The following data has a line with "30KN Climbing Yoga" and a line with "Slab of Granite". Write out exactly those lines and all the lines between them.

**RECORDS SUPPLIED**
--------------------
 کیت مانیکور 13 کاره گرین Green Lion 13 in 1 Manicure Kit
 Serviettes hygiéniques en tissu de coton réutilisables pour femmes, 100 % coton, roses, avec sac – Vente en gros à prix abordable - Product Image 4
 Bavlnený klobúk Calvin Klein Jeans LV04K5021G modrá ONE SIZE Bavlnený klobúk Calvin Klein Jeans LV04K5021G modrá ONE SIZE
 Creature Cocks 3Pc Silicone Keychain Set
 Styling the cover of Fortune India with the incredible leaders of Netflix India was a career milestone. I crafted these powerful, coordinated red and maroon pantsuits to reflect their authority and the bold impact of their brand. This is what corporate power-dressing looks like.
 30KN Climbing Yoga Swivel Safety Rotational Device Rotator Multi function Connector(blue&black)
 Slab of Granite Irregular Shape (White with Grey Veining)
--------------------
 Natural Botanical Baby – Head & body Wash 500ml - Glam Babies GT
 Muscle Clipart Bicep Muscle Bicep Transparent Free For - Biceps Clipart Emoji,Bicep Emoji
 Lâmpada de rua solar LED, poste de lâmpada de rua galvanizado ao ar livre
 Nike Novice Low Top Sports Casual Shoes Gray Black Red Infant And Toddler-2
--------------------
**REPLY TO THE TASK**
 30KN Climbing Yoga Swivel Safety Rotational Device Rotator Multi function Connector(blue&black)
 Slab of Granite Irregular Shape (White with Grey Veining)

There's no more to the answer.